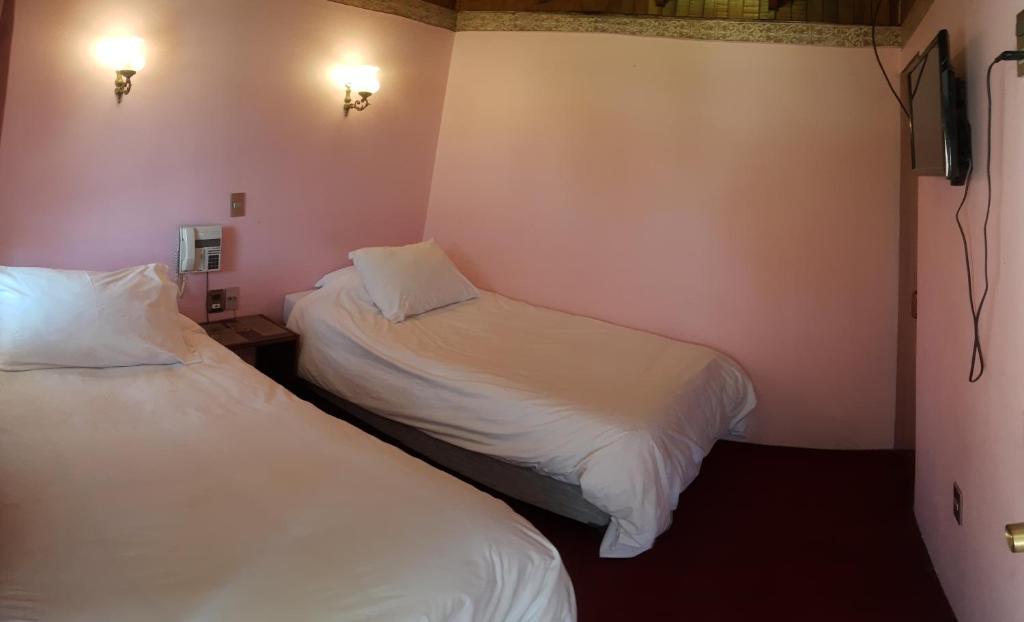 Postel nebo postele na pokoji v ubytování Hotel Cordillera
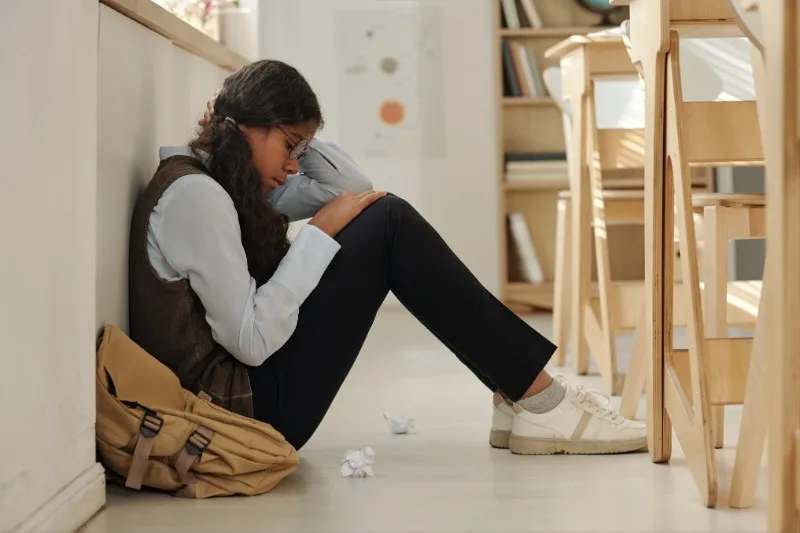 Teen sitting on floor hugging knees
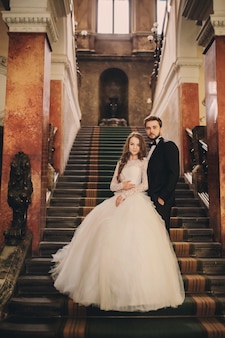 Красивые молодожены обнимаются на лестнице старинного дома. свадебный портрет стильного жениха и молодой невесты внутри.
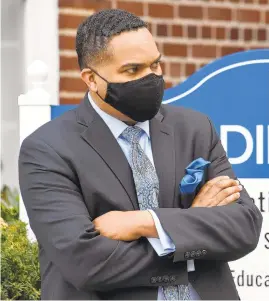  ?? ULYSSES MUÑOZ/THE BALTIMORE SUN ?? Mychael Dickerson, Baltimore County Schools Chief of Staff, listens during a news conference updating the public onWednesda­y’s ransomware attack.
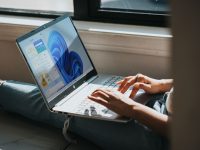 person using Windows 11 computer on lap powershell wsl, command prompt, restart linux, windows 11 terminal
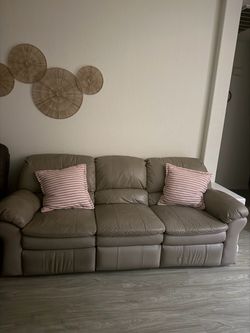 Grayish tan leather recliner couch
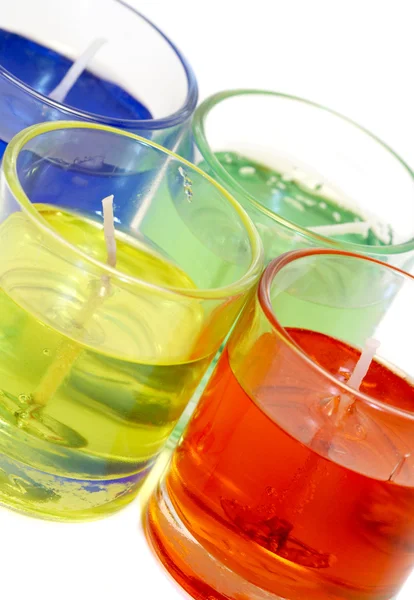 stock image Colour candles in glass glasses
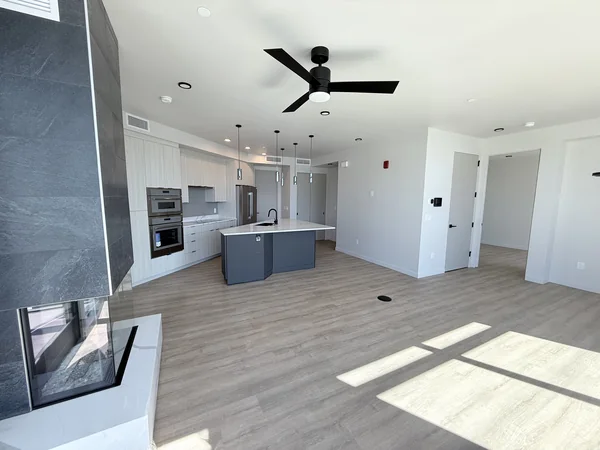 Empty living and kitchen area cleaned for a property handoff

━━━━━━━━━━━━━━━━

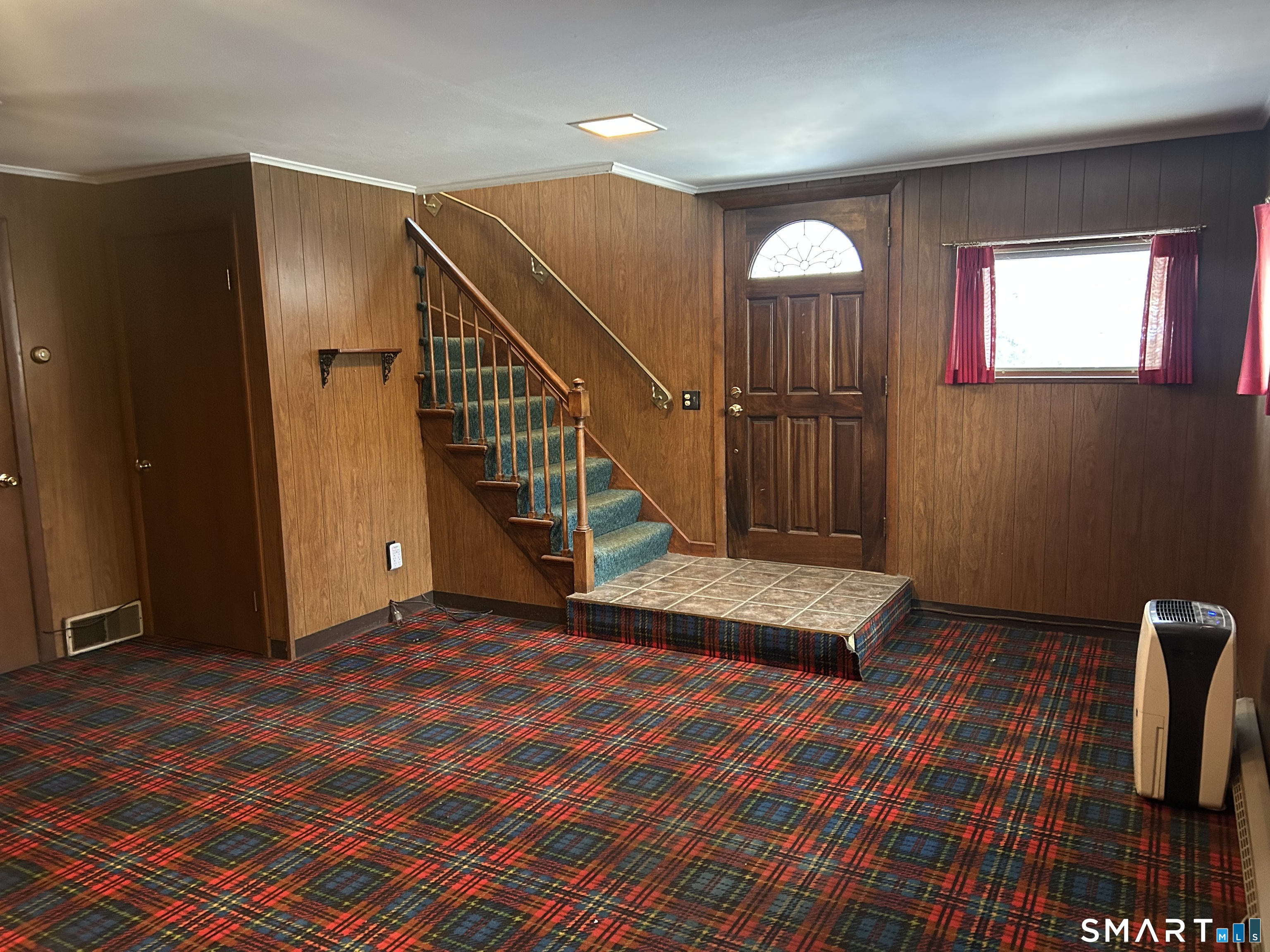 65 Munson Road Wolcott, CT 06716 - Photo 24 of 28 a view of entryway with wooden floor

━━━━━━━━━━━━━━━━

_Activity_
Print nothing except the lines above from the one containing "person using Windows" down to the one containing "Empty living and", both included, exactly as written and free of pictures.

_Answer section_
 person using Windows 11 computer on lap powershell wsl, command prompt, restart linux, windows 11 terminal
 Grayish tan leather recliner couch
 stock image Colour candles in glass glasses
 Empty living and kitchen area cleaned for a property handoff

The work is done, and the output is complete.